Ottawa (Ontario), le 19 novembre 2009
En présence de madame la juge Tremblay-Lamer
ENTRE :
demandeur
et
ET DE L’IMMIGRATION
MOTIFS DU JUGEMENT ET JUGEMENT
[1] Il s’agit d’un appel par Karim Oueida (« l’appelant ») en vertu du paragraphe 14(5) de la Loi sur la citoyenneté, L.R.C. 1985, ch. C-29 (la « Loi »), d’une décision du juge de citoyenneté, rendue le 5 décembre 2007, rejetant la demande de citoyenneté présentée par l’appelant.
[2] L’appelant est un citoyen du Liban. Il a été admis au Canada à titre de résident permanent en novembre 1998. Il s’est inscrit au collège Dawson en août 2001 et par la suite à l’université Concordia.

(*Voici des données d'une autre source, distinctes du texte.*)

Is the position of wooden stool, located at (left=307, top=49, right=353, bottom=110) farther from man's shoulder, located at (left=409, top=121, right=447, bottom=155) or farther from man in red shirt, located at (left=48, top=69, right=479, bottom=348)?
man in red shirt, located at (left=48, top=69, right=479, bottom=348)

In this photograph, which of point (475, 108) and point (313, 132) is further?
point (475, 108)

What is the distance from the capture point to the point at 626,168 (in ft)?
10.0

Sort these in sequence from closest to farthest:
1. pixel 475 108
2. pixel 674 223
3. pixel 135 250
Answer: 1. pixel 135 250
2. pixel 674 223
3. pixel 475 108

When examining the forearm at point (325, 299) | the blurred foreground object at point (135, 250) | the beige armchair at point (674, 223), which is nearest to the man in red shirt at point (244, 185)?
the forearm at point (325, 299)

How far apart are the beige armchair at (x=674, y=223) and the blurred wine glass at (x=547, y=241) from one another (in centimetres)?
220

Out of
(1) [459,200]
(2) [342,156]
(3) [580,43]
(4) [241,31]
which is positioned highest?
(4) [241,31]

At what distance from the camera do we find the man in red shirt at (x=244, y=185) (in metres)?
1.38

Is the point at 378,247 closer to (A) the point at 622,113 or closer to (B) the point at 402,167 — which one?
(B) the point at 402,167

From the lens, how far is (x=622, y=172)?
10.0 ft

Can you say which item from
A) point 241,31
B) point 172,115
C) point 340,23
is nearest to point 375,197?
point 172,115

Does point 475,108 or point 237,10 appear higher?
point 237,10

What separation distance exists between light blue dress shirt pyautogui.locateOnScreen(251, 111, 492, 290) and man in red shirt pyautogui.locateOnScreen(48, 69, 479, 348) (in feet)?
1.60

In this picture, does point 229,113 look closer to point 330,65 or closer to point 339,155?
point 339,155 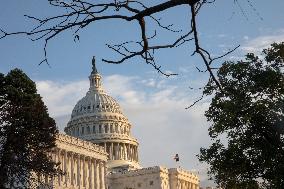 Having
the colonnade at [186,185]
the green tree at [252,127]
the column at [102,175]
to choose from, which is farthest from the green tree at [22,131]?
the colonnade at [186,185]

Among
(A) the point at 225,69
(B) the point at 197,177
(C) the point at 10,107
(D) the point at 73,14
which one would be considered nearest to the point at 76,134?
(B) the point at 197,177

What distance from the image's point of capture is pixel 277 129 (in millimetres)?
39125

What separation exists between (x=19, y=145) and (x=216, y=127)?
19.0m

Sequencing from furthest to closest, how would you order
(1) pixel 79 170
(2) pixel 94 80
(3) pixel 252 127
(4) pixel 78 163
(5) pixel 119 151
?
1. (2) pixel 94 80
2. (5) pixel 119 151
3. (4) pixel 78 163
4. (1) pixel 79 170
5. (3) pixel 252 127

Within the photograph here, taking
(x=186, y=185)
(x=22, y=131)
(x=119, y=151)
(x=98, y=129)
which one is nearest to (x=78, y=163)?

[3] Il a présenté sa demande de citoyenneté le 8 novembre 2004, alléguant avoir été absent du Canada pour une durée totale de 262 jours durant la période de référence (du 8 novembre 2000 au 8 novembre 2004). Il disait donc avoir un nombre amplement suffisant de jours de résidence pour obtenir sa citoyenneté.
[4] Le juge de citoyenneté a conclu que l’appelant n’avait pas démontré à sa satisfaction qu’il était effectivement au Canada de novembre 2000 à août 2001, et a rejeté sa demande.

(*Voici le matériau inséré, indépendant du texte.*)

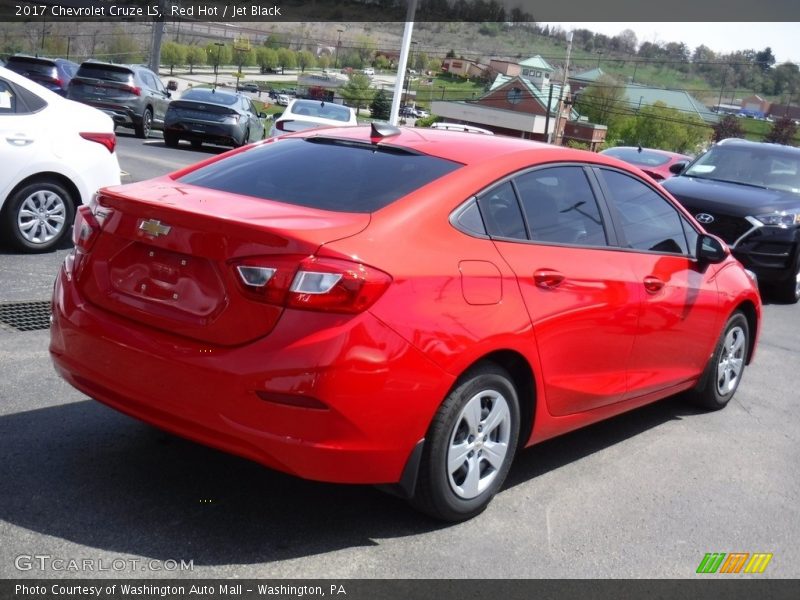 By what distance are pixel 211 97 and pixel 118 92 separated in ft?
7.92

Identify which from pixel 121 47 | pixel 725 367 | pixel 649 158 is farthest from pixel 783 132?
pixel 725 367

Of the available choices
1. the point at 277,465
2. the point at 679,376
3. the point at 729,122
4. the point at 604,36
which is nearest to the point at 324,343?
the point at 277,465

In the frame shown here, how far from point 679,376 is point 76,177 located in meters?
5.31

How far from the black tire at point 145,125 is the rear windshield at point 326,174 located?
826 inches

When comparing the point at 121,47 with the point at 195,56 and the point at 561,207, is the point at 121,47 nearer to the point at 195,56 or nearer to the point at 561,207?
the point at 195,56

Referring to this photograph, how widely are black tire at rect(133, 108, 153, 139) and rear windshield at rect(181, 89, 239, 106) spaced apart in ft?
5.06

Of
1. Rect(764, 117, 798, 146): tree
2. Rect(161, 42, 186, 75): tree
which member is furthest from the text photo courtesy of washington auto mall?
Rect(764, 117, 798, 146): tree

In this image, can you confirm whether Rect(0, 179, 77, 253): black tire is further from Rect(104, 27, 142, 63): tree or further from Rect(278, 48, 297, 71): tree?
Rect(278, 48, 297, 71): tree

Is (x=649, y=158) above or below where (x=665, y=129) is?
above

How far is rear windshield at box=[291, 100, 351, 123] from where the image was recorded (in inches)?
845

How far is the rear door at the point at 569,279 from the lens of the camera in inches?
170

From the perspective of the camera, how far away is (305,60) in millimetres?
90125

[5] Le juge de citoyenneté a noté que l’appelant lui a déclaré n’avoir absolument rien fait durant cette période. L’appelant n’a également présenté aucun document démontrant qu’il était au Canada pendant ce temps – pas de relevés bancaires ou de cartes de crédit, pas de relevés d’emploi (l’appelant n’a, en fait, jamais travaillé), pas de factures (celles qu’il a soumises commençaient justement en septembre 2001), pas de bail.

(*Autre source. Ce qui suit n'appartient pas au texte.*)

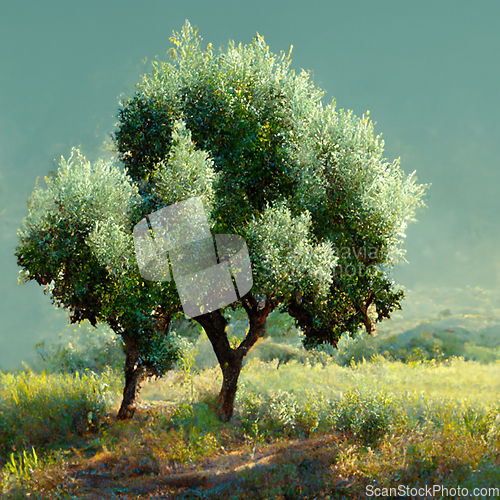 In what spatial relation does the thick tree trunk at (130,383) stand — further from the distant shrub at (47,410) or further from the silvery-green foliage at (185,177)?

[6] Le juge de citoyenneté a également accordé beaucoup de poids à une déclaration de l’appelant, qu’il n’a pas trouvé plausible, à l’effet que celui-ci habitait un logement de trois pièces et demie (dont une chambre) avec ses parents. Selon le juge de citoyenneté, cela était impensable, d’autant plus que l’appelant a affirmé que sa famille n’était pas sans moyens financiers.
[7] En somme, le juge de citoyenneté a trouvé que l’appelant n’avait pas présenté de preuves suffisantes pour démontrer qu’il avait vécu au Canada les 1095 jours requis par la Loi, et a donc rejeté sa demande.
[8] L’appelant soutient principalement que le juge de citoyenneté a omis de prendre en considération certains éléments de preuve qui démontraient sa présence au Canada pendant la période en question. Il est établi en jurisprudence que le juge de citoyenneté n’a pas à mentionner tous les éléments de preuve (Cheng c. Canada (ministre de la Citoyenneté et de l’Immigration), [2000] A.C.F. no 614 (QL). Cependant, lorsque la preuve est pertinente et appuie les prétentions d’un demandeur, le fait de ne pas mentionner un élément de preuve important peut entacher la décision d’un juge de citoyenneté.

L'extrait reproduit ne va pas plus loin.